Después de este magno acontecimiento, el mandarín huyó del pueblo,
porque corría peligro de morir. Así también, la misionera inglesa era
buscada por los japoneses, quienes habían recibido una copia del
artículo de la revista Time, que narraba la honorable labor que
Ai-weh-deh estaba realizando en medio de la guerra. Los japoneses
ofrecían un alto precio por su cabeza, y ella debía huir y proteger a
sus doscientos hijos adoptivos. Así, Gladys dejó atrás a su amado pueblo
y se encaminó hacia Sian, donde había un orfanato que acogería a los
niños. Era sumamente peligroso seguir esa ruta, porque había soldados
japoneses por todos los alrededores, pero Ai-weh-deh confiaba en que
Dios los protegería. Él nunca la había defraudado. No llegaron a Sian
pero lograron arribar a la ciudad de Fugeng y Gladys dejó a sus amados
niños en un orfanato. Su estado de salud era delicado y pronto cayó en
estado de coma. Después de su recuperación, Aylward siguió predicando y
miles de personas entregaron su vida a Cristo en medio del comunismo,
que había obtenido un mayor control político como consecuencia de la
guerra entre Japón y China. Muchos jóvenes cristianos fueron amenazados
en las universidades, pese a esto, no se dejaron amedrentar.

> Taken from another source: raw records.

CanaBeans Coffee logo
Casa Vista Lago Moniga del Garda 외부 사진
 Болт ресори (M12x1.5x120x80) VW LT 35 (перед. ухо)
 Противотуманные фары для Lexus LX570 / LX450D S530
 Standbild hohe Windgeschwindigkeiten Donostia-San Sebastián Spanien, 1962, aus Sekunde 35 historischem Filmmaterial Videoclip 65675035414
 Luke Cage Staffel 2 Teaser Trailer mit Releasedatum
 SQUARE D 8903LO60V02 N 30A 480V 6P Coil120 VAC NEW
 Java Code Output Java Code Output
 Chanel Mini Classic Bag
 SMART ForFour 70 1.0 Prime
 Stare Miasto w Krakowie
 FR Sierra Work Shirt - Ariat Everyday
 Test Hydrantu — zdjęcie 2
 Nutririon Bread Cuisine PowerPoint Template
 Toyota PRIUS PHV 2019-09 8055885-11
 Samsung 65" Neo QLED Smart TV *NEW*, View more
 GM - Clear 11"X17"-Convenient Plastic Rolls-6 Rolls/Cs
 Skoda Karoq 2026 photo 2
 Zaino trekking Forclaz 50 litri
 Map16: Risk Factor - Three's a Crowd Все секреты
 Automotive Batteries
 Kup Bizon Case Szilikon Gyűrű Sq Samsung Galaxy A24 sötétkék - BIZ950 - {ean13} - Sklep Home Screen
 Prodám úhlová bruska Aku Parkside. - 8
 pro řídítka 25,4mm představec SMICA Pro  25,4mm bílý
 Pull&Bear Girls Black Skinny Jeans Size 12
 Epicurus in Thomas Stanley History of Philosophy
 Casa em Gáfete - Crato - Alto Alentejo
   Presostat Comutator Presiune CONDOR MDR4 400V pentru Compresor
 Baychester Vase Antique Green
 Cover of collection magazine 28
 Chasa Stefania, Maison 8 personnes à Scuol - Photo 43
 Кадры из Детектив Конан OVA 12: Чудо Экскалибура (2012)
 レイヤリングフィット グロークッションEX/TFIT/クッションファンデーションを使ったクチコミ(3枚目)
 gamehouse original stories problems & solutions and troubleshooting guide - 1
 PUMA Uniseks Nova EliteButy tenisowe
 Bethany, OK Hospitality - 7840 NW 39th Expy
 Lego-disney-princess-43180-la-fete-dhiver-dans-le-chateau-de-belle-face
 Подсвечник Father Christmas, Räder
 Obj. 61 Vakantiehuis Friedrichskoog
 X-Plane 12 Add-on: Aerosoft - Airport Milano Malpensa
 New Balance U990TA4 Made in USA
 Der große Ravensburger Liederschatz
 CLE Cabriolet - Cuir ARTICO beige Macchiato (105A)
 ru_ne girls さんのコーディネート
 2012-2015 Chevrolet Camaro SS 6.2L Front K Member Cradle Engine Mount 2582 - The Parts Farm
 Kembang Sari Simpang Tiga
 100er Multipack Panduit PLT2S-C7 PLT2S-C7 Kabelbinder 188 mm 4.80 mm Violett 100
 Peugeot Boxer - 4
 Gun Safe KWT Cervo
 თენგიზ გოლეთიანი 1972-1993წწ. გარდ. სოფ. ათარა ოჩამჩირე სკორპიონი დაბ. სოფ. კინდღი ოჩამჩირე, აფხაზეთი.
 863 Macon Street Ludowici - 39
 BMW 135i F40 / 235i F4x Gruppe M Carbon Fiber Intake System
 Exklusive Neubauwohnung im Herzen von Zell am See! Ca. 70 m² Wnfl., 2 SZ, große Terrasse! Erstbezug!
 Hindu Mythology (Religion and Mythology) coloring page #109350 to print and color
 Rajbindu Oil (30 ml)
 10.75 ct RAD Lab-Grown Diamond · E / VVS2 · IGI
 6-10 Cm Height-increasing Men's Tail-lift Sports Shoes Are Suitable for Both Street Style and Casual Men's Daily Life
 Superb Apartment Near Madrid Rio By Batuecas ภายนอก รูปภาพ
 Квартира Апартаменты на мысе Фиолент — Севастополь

Gladys se cubrió el rostro. Lo único que pudo hacer fue elevar la misma
plegaria que la señora Lawson le enseñara cuando vio su propio nombre
escrito en el aviso de Yangcheng ofreciendo recompensa a quien diera con
su paradero. “Si he de morir, no tema yo a la muerte, mas tenga ésta
sentido, oh Dios, cuando llegue mi hora”.
Aunque deseaba huir de aquel terrible escenario, Gladys permaneció en
la plaza mientras se preguntaba a los doscientos estudiantes si apoyaban
al régimen comunista. Aun cuando sabían que sólo les separaba un
instante de una muerte segura, ninguno de ellos declaró que apoyaba a
los comunistas. Todos ellos fueron decapitados.
Al poco tiempo, Gladys regresó a su país natal, habían pasado 17 largos
años y Ai-weh-deh se había convertido en un memorable personaje,
gracias al artículo de la revista Time, que había sido leído por
millones de personas alrededor del mundo. Gladys pudo al fin reunirse
con su familia y compartir con ellos cada una de sus increíbles
aventuras en la lejana China. Al poco tiempo viajó a Formosa, un pueblo
chino en donde pasó sus últimos días. Cada segundo que Dios le dio de
vida, la valiente y carismática Gladys lo dedicó a servir a Dios y su
prójimo. Aylward falleció el día de Año Nuevo de 1970, cuando contaba
sesenta y siete años: más de un millar de personas fueron a darle el
último adiós a la misionera inglesa pero de corazón chino.